Black for Death is no different in its approach where its ideas are so far stretched over the map that the album ends up becoming a comedy fest of sorts. To clearly outline this, let me give you a quick track-by-track of how the album pans out.
Track 1 –
Puritanical Euphoric Misanthropia worship with some tasteless symphonics/ violins (via
Death Cult Armageddon) and utterly weak screeches/ growls that sounds like I need to skip this track.
Track 2 - Some terrible melancholy folky vocals, more symphonic Borgir love followed by some Borknagar riffage and some awful goat-with-laryngitis vocals.
Track 3 – Evil dwarf emerges from hut with creepy voice and some simple riffage.
Track 4 – Nightclub-jazzy instrumental…what?
Track 5 - Simplistic stutter-stop open chord riff with some more goat-raping vocals, terrible cry-out-in-the-mountain vocals….blah.
Track 6- Their best attempt at Dimmu worshipping with a number of generic riffs, but hey, they came close to tweaking my interest.

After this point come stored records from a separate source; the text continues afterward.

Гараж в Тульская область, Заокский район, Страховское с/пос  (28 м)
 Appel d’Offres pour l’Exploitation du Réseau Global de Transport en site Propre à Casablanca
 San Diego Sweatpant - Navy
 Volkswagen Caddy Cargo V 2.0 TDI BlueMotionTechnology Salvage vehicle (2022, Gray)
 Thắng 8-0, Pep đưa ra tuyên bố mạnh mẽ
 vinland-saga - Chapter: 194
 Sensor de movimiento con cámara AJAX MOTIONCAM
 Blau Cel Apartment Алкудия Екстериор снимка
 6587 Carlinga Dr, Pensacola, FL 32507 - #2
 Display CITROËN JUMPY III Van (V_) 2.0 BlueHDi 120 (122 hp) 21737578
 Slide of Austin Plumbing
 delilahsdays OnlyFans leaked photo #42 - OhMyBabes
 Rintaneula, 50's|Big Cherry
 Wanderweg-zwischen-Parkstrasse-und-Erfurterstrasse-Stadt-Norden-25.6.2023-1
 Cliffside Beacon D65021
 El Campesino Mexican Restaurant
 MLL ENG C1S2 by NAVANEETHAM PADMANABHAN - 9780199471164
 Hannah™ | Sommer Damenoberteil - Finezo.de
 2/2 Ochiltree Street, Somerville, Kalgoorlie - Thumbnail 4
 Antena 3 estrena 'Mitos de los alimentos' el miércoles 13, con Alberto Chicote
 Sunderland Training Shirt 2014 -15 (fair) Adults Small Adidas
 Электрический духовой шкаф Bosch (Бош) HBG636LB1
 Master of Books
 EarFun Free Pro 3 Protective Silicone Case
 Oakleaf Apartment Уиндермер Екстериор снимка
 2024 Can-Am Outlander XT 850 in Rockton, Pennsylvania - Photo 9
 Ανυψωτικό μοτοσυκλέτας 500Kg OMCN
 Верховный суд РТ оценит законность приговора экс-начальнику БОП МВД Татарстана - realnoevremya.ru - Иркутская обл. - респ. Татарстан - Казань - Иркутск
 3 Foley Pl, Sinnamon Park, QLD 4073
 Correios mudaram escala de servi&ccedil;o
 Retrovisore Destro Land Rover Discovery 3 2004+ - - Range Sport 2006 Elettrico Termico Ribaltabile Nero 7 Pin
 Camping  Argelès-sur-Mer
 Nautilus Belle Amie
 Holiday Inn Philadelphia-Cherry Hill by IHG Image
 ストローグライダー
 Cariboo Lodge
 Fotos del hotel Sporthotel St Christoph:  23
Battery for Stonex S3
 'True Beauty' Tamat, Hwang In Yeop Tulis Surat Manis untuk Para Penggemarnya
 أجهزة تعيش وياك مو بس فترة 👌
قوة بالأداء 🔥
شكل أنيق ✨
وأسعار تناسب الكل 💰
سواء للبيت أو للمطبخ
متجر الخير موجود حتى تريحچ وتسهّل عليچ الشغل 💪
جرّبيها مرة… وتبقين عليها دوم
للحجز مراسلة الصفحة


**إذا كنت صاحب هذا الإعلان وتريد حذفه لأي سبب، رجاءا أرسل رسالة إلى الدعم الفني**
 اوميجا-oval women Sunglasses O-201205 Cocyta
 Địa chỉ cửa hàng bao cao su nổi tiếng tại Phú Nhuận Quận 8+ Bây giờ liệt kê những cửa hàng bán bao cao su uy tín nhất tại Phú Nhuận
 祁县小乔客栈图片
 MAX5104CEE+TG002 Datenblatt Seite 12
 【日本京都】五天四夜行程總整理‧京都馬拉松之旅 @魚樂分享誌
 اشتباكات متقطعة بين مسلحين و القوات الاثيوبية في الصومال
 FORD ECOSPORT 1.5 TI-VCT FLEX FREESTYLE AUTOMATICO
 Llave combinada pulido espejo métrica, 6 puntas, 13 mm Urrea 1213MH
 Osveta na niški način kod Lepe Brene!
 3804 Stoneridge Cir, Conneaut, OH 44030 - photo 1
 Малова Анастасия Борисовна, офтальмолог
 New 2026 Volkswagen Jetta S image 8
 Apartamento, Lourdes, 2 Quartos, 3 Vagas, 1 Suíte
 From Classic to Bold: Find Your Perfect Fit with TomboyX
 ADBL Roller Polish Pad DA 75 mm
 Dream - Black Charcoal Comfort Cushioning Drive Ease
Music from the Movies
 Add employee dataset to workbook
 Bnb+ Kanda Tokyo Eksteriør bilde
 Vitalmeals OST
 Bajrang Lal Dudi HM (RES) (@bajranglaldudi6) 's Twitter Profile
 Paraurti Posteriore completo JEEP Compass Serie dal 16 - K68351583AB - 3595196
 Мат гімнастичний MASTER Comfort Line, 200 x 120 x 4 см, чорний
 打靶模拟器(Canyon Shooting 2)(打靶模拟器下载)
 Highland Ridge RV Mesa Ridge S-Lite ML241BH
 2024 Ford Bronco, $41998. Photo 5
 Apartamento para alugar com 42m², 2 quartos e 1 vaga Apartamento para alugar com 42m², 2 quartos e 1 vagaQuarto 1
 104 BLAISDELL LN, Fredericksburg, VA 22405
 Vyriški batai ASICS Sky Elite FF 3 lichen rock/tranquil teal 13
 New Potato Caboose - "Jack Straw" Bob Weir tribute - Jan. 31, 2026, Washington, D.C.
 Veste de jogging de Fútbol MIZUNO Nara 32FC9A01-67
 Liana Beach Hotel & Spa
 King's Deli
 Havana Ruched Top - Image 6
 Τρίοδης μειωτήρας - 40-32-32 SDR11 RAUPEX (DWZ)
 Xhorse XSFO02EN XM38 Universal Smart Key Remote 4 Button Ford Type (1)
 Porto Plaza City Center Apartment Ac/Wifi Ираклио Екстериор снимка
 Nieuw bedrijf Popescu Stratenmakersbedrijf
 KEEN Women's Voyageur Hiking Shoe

Track 7 – Some native tongue spoken stuff that you might here by pressing a display info button at your local Native Amercian Museum.
Track 8 – Frolicking folky/ Viking intro that leads into another tedious…wait a minute, Trickster from Ulver is there to save the song from it’s tedious, wait a minute…nah the song still sounds like symphonic suckage.
I think you get it by now…
At this point, you’re probably sitting there saying that I’m being unfair, that anybody can sit and criticize music the way I have above. Heck, you’re probably sitting there getting after me for name-dropping Dimmu Borgir way too much in this review. To be quite honest, give this album a listen and you will do the same thing; it’s just that bad and the copy-cat antics make it unbearable (especially ripping off Dimmu Borgir to no end). I’m all for being ambitious with ideas that make sense and Solefald are really good at not doing this. Concept albums are supposed to have a running theme throughout the music (look at
Crimson by Edge of Sanity for a wonderful example of this).
Black for Death’s failure lies in the songs lose ends that tie nothing together and thus, losing any reason as to why I should pay attention to the story that might be going on throughout the lyrics (whatever that may be). In short, don’t waste your time with this album/ band, even if your elite black metal/ symphonic/ folk/ gothic/ jazzy/ progressive/ Viking metal buddies on the internet told you otherwise.